Extracted entries:
=-=-=-=-=

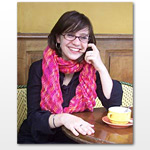 Clapotis di Kate Gilbert-free : clicca qui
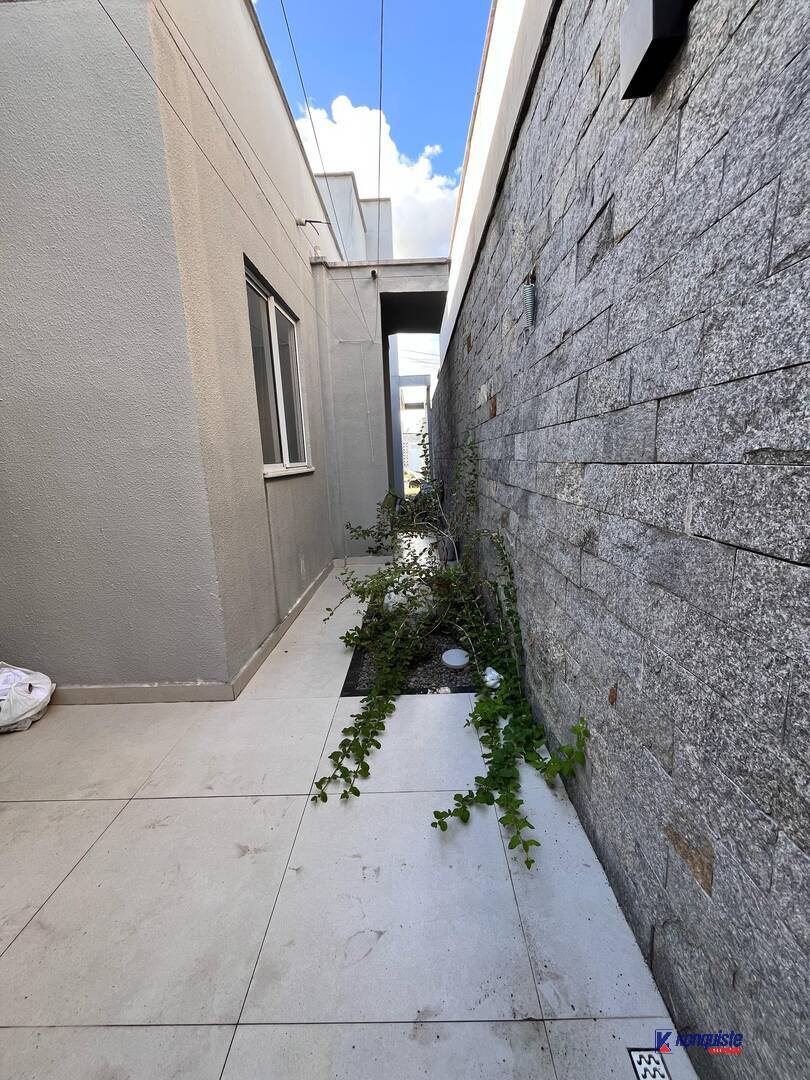 Casa de Condomínio, 3 quartos - Foto 11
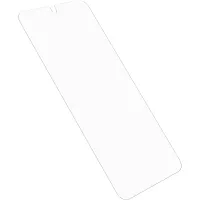 OtterBox 77-94681 PolyArmor Premium Eco Series Galaxy S24 kijelzővédő átlátszó #1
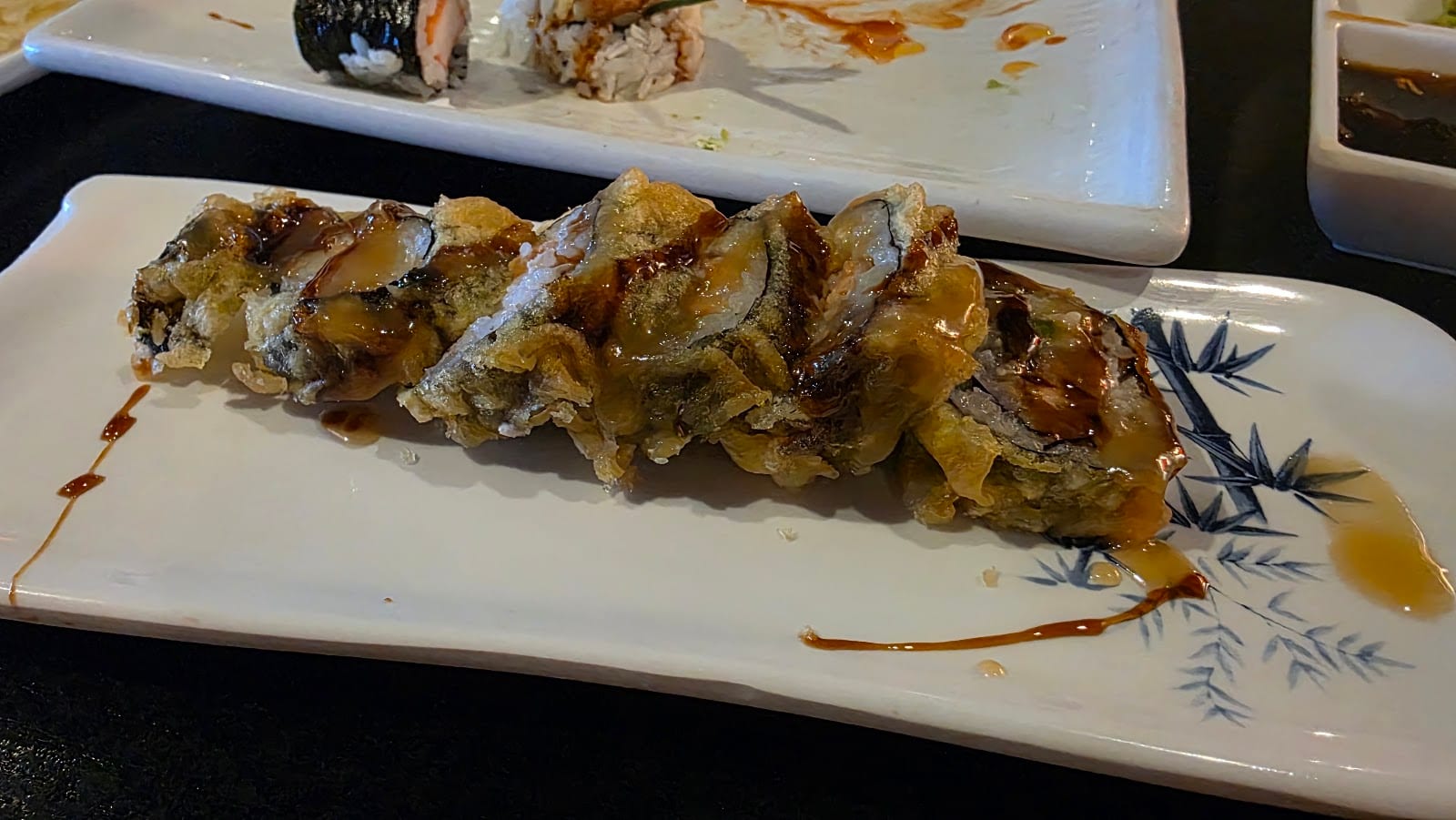 Akita Sushi, photo 3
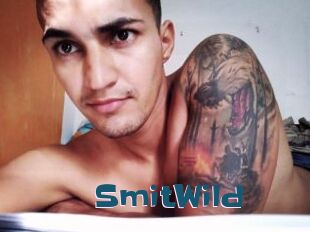 SmitWild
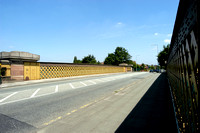 Wallness Bridge 07 D18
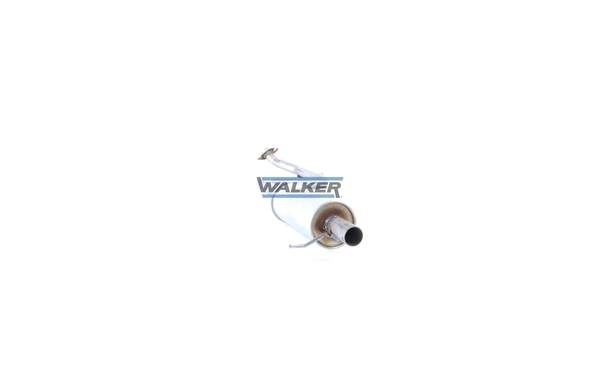 Convertidor - catalisador Walker 23881 preço, a partir de 87,19 USD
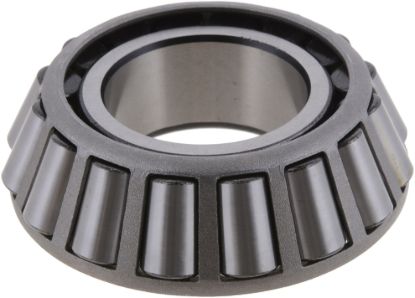 Picture of Spicer Differential Bearing - 129562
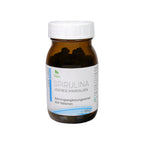 Life Light Basic Spirulina Tabletten, 200 St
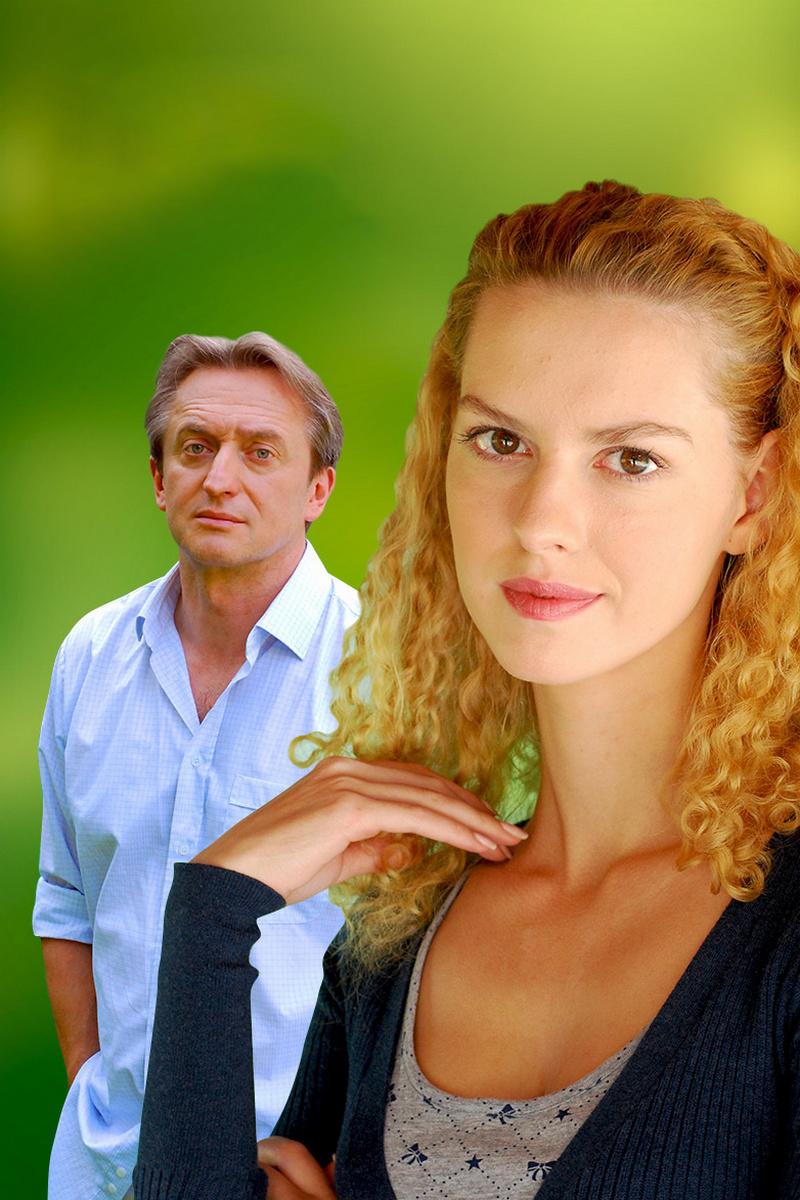 От сердца к сердцу (ot-serdtsa-k-serdtsu) Фильм 2010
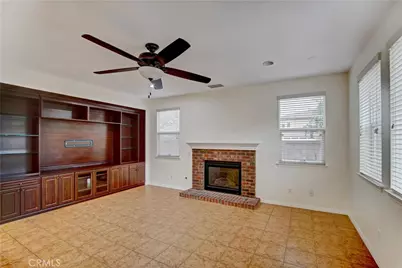 14219 Ryan, Eastvale, CA 92880 - Photo 35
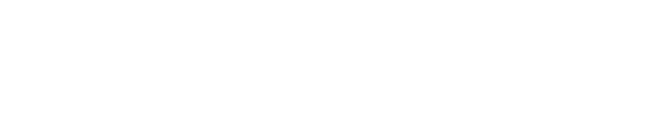 加入掌游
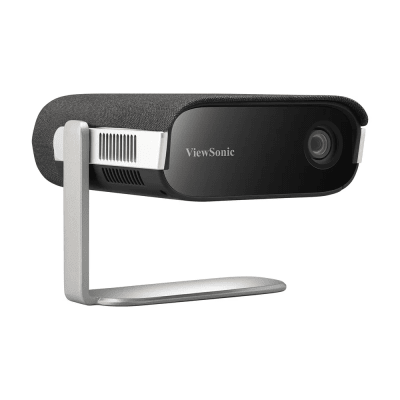 PROYECTOR VIEWSONIC PORTATIL CON ALTAVOCES (M1X) (NT7)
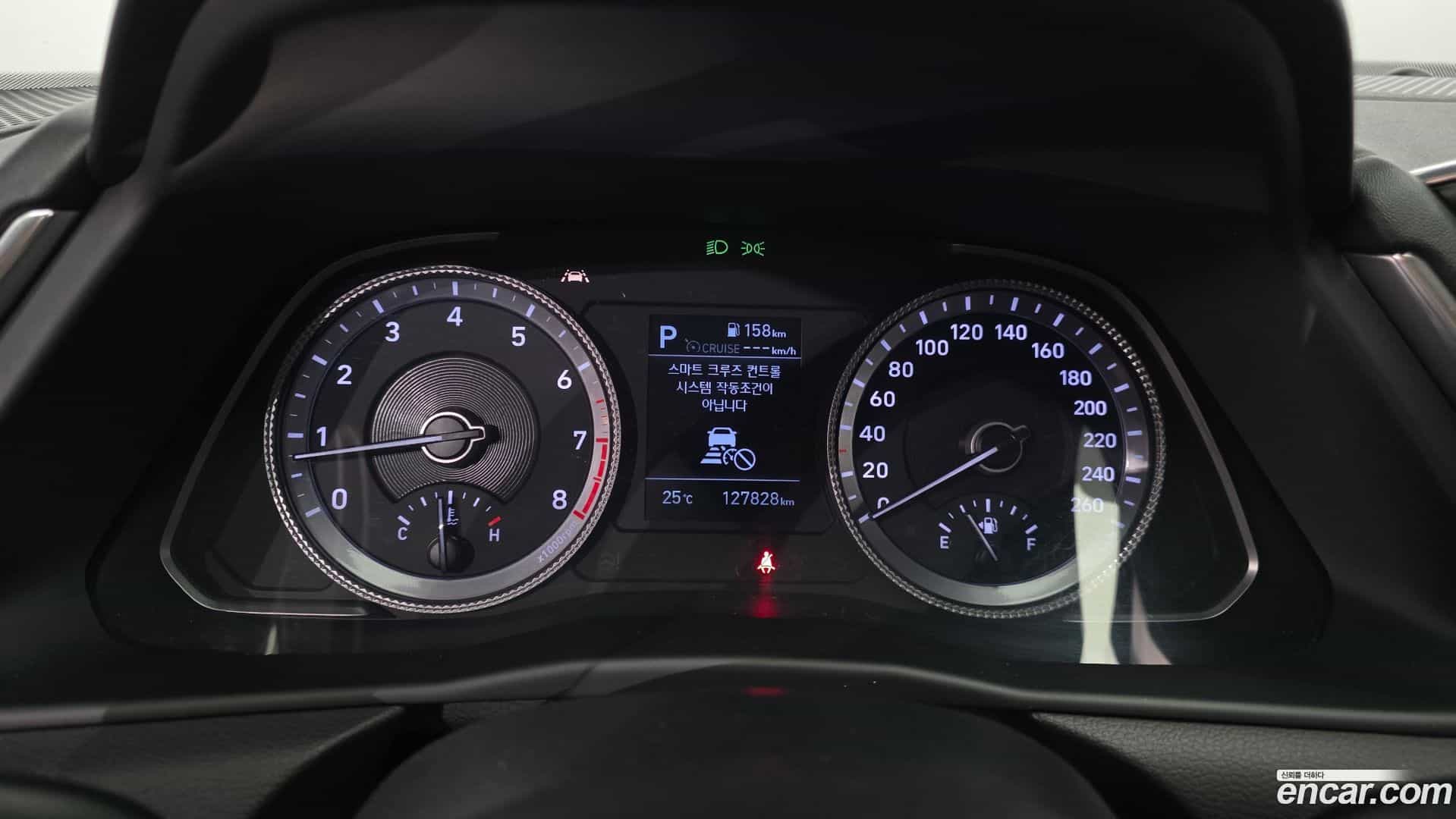 Sonata Hyundai 2020.2-INNER-008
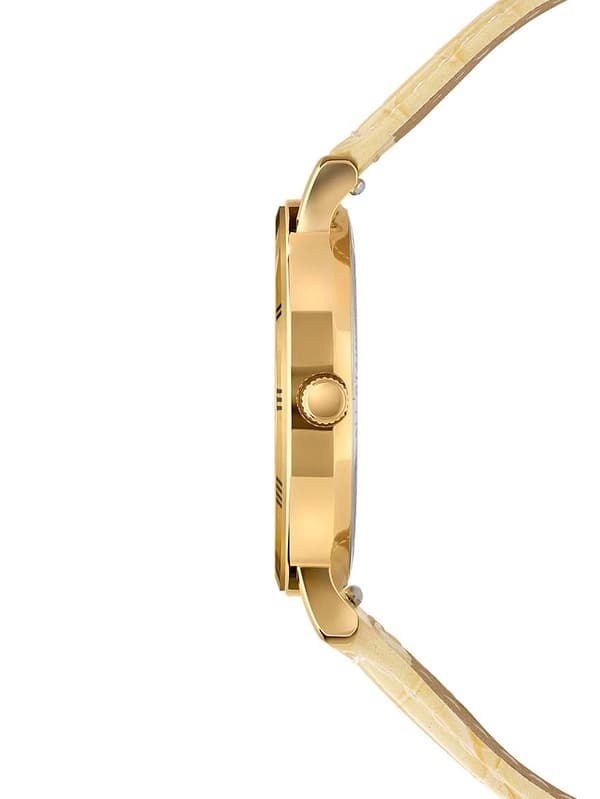Ladies Watch Jowissa J2.269.M, Quartz, 30mm, 5ATM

=-=-=-=-=

Exercise instructions:
Lines starting at the one with "От сердца к" and ending at the last line of the entries above must be restated word for word, with pictures omitted.

Task answer:
 От сердца к сердцу (ot-serdtsa-k-serdtsu) Фильм 2010
 14219 Ryan, Eastvale, CA 92880 - Photo 35
 加入掌游
 PROYECTOR VIEWSONIC PORTATIL CON ALTAVOCES (M1X) (NT7)
 Sonata Hyundai 2020.2-INNER-008
Ladies Watch Jowissa J2.269.M, Quartz, 30mm, 5ATM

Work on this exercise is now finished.